**INSTRUCTIONS FOR THE TASK:** Would you transcribe the records below from the line with "Se vinde teren" to the line with "BMW Seria 5 518d Modern Line - 17", ends included, exactly and with nothing more, leaving the pictures out?

**ENTRIES SUPPLIED:**
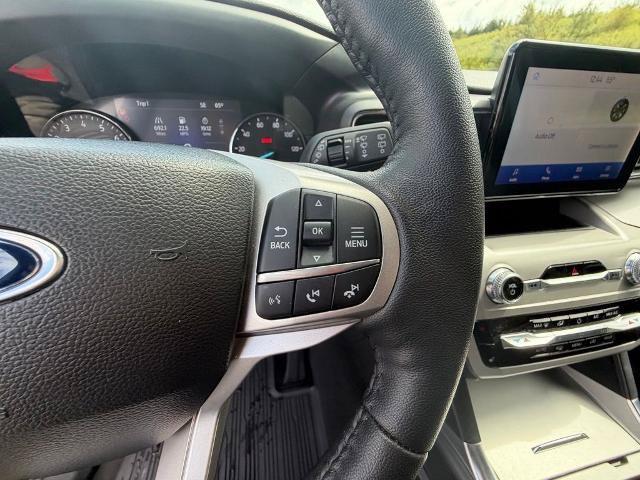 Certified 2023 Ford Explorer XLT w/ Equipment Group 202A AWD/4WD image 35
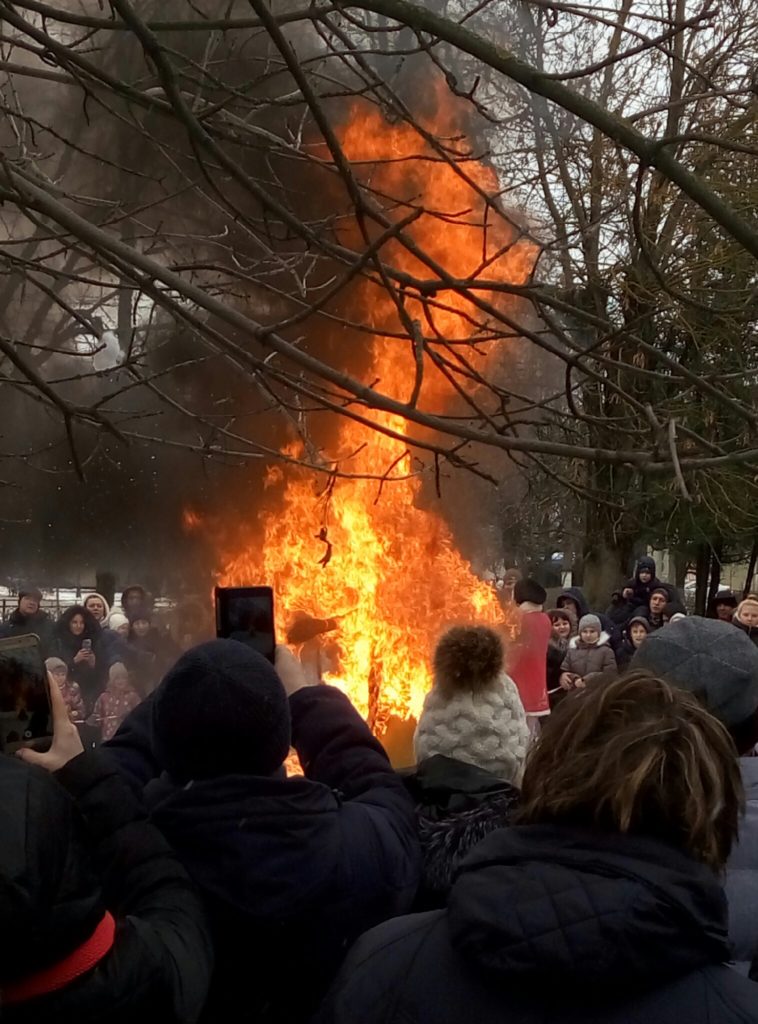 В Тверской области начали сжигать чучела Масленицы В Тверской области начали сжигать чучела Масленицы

--

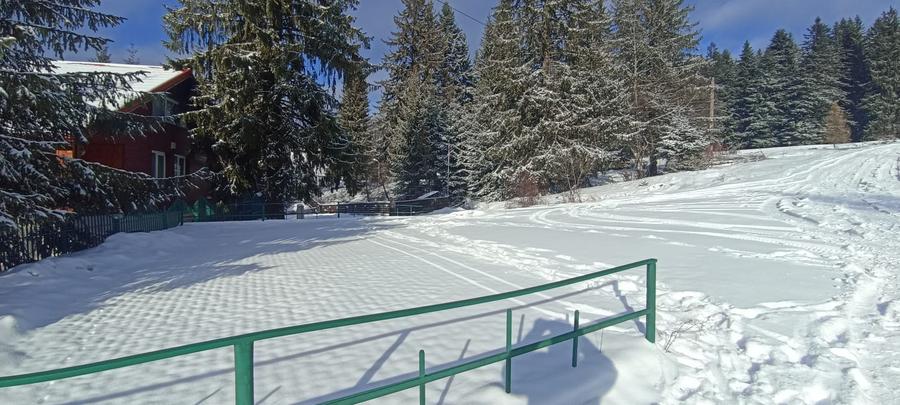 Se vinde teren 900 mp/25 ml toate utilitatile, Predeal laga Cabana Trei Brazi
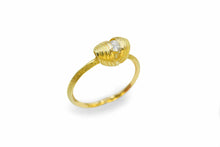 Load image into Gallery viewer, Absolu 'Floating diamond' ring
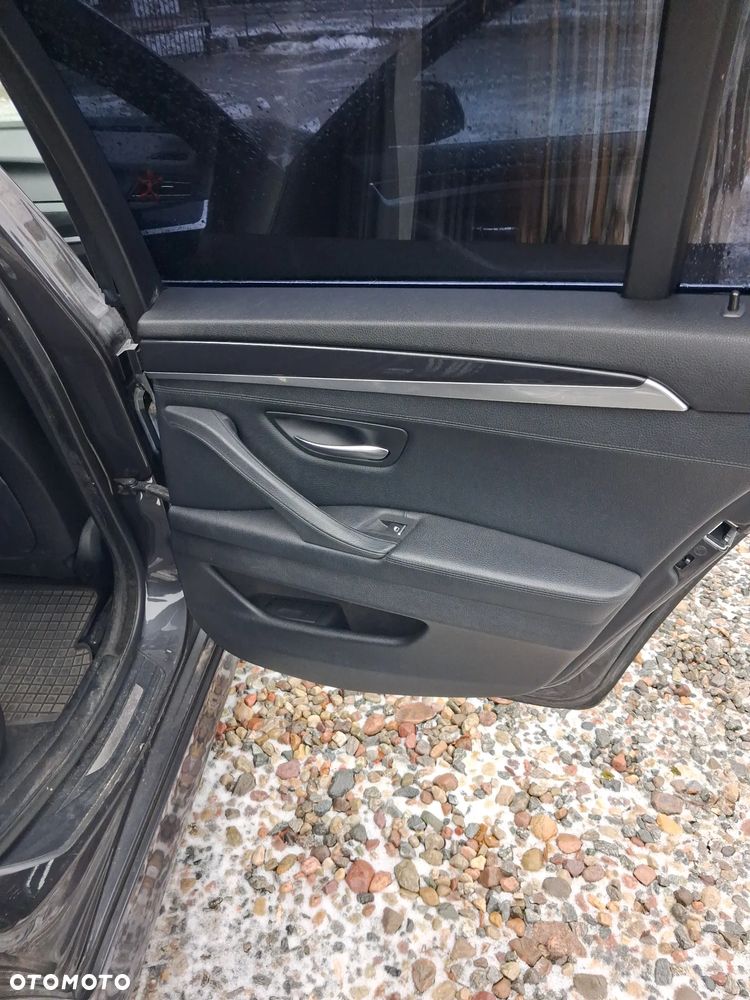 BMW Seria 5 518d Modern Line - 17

**SOLUTION:**
 Se vinde teren 900 mp/25 ml toate utilitatile, Predeal laga Cabana Trei Brazi
 Load image into Gallery viewer, Absolu 'Floating diamond' ring
 BMW Seria 5 518d Modern Line - 17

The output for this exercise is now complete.